Benefit of primary and repeated surgery on survival in patients with multiple brain metastases
André Norbert Josef Sagerer (Dresden), Michael Lucas (Dresden), Ilker Y. Eyüpoglu (Dresden), Silke Hennig (Dresden), Gabriele Schackert (Dresden), Tareq Juratli (Dresden)
Primary and repeated surgical resection of brain metastases (BM) alleviates symptoms and can improve patients" survival. However, the benefit of resecting multiple BM, particularly of recurrent ones, is controversial due to patients" limited life expectancy. This study evaluates the impact of resecting multiple BM on patients" survival.
Clinical data from 533 patients (211 female, 322 male) who underwent BM surgery at our hospital within 12 years were reviewed. Overall (OS) and progression-free (PFS) survival were estimated using the Kaplan-Meier estimator. In addition, follow-up data, adjuvant treatment and tumor recurrence were collected.
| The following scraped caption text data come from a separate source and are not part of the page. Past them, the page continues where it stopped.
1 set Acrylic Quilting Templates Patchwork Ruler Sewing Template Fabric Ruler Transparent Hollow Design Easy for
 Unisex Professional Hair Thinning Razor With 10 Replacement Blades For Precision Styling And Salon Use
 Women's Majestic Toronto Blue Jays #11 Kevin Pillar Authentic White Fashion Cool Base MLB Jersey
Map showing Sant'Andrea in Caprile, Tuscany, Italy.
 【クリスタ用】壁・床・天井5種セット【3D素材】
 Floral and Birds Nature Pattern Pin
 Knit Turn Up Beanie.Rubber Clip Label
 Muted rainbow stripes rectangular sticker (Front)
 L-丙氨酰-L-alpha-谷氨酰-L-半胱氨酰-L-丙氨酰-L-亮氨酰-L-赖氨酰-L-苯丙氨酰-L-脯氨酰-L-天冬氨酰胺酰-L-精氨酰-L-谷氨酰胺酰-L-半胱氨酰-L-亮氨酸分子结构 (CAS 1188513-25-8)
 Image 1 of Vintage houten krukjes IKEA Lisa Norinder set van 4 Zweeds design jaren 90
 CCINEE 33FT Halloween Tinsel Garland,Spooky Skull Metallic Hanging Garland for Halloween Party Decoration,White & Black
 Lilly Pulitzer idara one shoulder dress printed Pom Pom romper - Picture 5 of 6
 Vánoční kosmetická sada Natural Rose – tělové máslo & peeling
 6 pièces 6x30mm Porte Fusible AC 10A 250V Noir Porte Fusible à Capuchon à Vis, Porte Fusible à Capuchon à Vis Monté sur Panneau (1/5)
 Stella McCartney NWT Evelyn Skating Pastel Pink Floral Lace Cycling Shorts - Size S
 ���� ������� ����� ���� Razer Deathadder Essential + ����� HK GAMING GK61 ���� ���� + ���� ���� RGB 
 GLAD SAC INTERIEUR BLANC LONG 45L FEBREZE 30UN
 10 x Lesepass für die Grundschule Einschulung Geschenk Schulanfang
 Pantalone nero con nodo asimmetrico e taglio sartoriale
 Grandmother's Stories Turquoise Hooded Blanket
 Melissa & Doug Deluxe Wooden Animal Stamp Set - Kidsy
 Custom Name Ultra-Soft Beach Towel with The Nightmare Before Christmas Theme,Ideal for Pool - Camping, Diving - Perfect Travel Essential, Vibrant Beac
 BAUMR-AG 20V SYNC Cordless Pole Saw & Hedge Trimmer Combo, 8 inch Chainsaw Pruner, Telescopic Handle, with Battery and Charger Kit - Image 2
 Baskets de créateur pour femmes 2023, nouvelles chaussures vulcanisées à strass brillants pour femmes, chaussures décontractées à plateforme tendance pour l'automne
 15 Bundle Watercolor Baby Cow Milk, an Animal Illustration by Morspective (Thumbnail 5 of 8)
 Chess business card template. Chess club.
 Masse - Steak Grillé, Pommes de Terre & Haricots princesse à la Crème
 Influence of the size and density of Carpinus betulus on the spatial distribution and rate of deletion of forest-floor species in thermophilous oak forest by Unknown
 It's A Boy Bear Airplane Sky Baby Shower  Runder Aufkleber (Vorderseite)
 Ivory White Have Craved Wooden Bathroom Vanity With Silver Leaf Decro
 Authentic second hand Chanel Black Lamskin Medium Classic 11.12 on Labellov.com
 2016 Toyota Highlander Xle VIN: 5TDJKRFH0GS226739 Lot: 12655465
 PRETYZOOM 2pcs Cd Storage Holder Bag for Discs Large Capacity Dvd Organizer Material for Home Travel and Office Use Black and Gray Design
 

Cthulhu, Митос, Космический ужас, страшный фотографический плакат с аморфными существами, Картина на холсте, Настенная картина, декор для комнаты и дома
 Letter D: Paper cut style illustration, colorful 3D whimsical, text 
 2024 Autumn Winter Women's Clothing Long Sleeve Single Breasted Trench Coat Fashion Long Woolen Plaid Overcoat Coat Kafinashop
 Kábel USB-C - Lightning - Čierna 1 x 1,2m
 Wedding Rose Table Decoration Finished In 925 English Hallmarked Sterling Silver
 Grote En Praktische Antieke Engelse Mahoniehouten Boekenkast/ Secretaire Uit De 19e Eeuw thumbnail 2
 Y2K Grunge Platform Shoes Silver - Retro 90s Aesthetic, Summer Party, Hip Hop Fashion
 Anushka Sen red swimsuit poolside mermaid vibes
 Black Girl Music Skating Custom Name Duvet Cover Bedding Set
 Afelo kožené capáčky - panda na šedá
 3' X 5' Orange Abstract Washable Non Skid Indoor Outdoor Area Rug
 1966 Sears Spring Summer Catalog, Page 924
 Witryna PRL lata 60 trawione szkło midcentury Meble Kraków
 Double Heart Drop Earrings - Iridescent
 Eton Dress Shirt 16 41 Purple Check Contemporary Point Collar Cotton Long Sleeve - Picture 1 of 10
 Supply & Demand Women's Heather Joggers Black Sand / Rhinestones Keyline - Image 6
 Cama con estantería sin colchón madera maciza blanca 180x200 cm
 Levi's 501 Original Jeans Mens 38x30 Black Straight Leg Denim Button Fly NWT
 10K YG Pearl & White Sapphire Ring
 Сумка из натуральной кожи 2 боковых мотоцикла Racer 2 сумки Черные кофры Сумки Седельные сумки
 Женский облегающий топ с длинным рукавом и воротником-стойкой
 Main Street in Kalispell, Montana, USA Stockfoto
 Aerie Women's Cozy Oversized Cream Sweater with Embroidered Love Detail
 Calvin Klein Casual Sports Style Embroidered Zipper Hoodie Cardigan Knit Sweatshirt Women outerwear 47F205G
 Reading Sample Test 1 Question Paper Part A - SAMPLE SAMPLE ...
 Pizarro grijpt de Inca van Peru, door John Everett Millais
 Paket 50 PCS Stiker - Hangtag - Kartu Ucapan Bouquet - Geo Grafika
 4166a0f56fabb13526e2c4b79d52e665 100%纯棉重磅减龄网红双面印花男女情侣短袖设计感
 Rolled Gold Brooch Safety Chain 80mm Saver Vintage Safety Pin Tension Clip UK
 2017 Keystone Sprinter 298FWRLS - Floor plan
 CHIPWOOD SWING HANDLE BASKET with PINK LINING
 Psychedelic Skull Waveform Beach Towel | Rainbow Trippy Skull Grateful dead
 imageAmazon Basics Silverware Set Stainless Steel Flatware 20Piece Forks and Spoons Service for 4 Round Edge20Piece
Of the patients, 268 (50.3%) had a single BM, 112 (21%) had two or three (oligo), and 153 (28.7%) had four or more (multiple) BM. The incidence of multiple BM was highest in small cell lung cancer (52%), followed by lung adenocarcinoma (37%). The median OS of patients with multiple BM was 6.7 mons. Regarding the extent of resection (no. of residual BM after primary surgery) on OS: patients with 0 or 1 residual BM had a significantly longer (11.1 mons.) OS compared to those with 2 or 3 residual BM (7.9 mons., p<0.05) or >3 residual BM (5.1 mons., p<0.001). In parallel, PFS also depended on the total amount of residual intracranial lesions after primary surgery (0 or 1 BM left: 6.6 mons. vs. 4.6 mons. (2 or 3 BM left (p<0.05)) vs. 4.6 mons. (>3 BM left (p<0.01)). Multivariate analysis revealed an Odds ratio (OR) >1 for extent of resection and PFS (no. of residual BM 0 or 1 vs. 2 or 3: OR 1.6 (p=0.003); no. of residual BM 0 or 1 vs. >3: OR 1.5 (p=0.01). 32.7% of patients with multiple BM underwent a second surgery for recurrence. Although this group demonstrated a slightly better OS compared to those who did not receive repeated surgery (7.7 vs. 6.2 mons.), the difference was not statistically significant (p=0.95). Notably, the long-term survival rate (OS >24 mons. post-first resection) in patients who underwent repeated resections for multiple BM was only 6%. However, this rate showed variability depending on the primary cancer type, extending to an average of 85.4 mons. in patients with lung adenocarcinoma.
The number of multiple BM varies across different cancer types, but it does not necessarily indicate a poor prognosis. The impact of a more extensive resection (no. of residual BM) on both OS and PFS in cases of resected multiple BM following adjuvant therapy warrants attention.